_Problem description_. Directions for the data below: repeat exactly the lines from the one with "Disney Stitch Christmas" through the one with "3125-72309 | Button", both included, and omit all pictures.

_Provided records_.
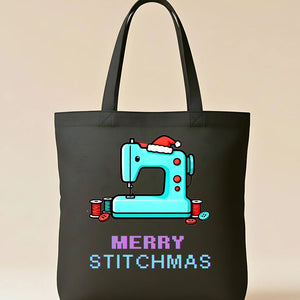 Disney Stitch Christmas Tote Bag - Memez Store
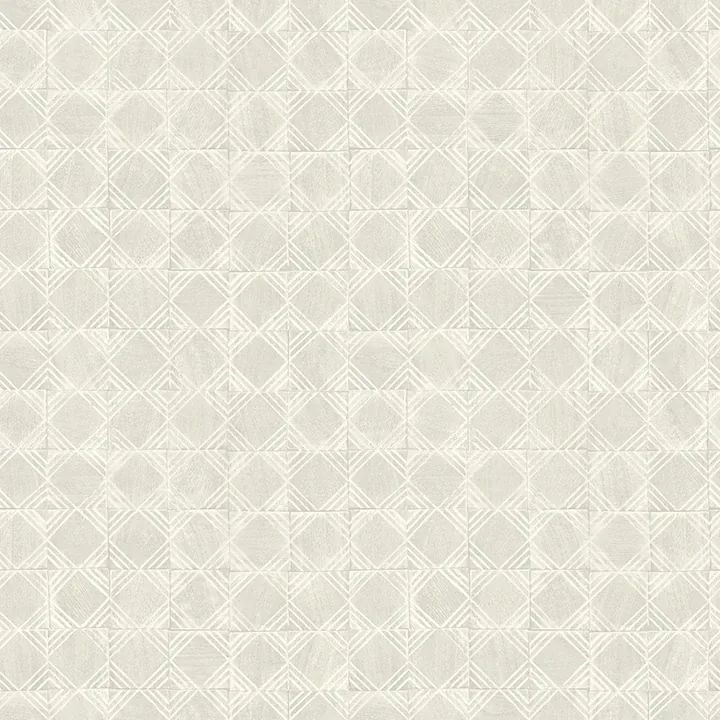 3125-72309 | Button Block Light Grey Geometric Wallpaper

---

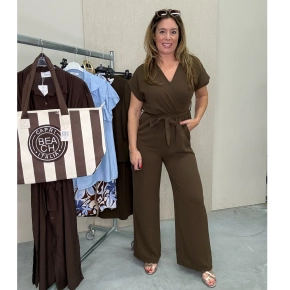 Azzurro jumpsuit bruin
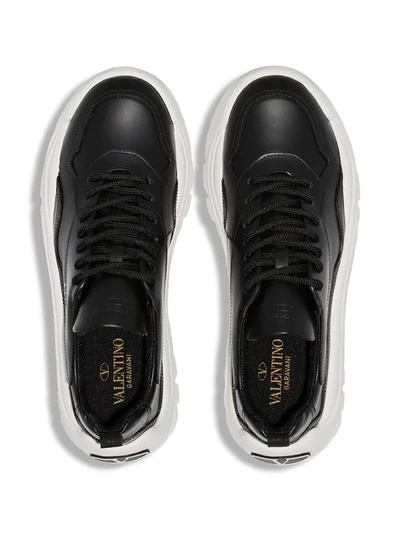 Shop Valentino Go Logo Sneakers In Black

--

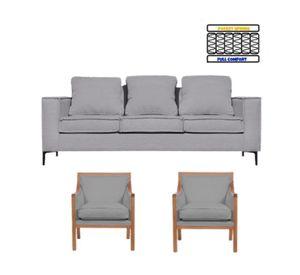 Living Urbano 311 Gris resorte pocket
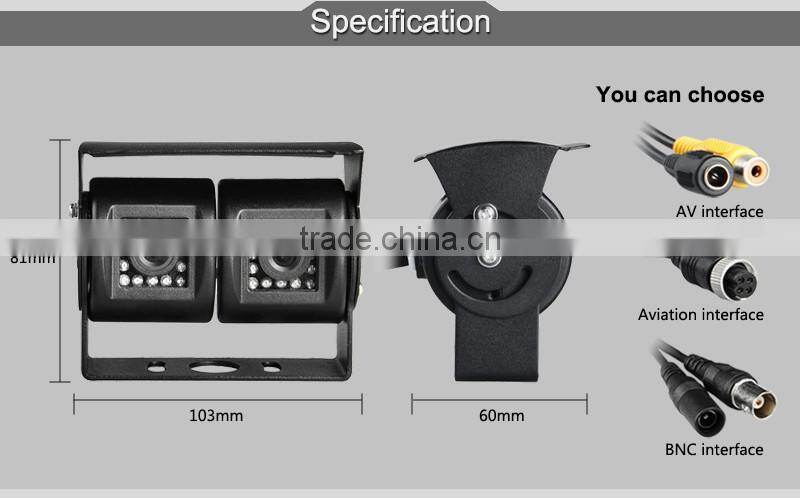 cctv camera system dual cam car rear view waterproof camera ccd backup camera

_The completed task_.
 Disney Stitch Christmas Tote Bag - Memez Store
 3125-72309 | Button Block Light Grey Geometric Wallpaper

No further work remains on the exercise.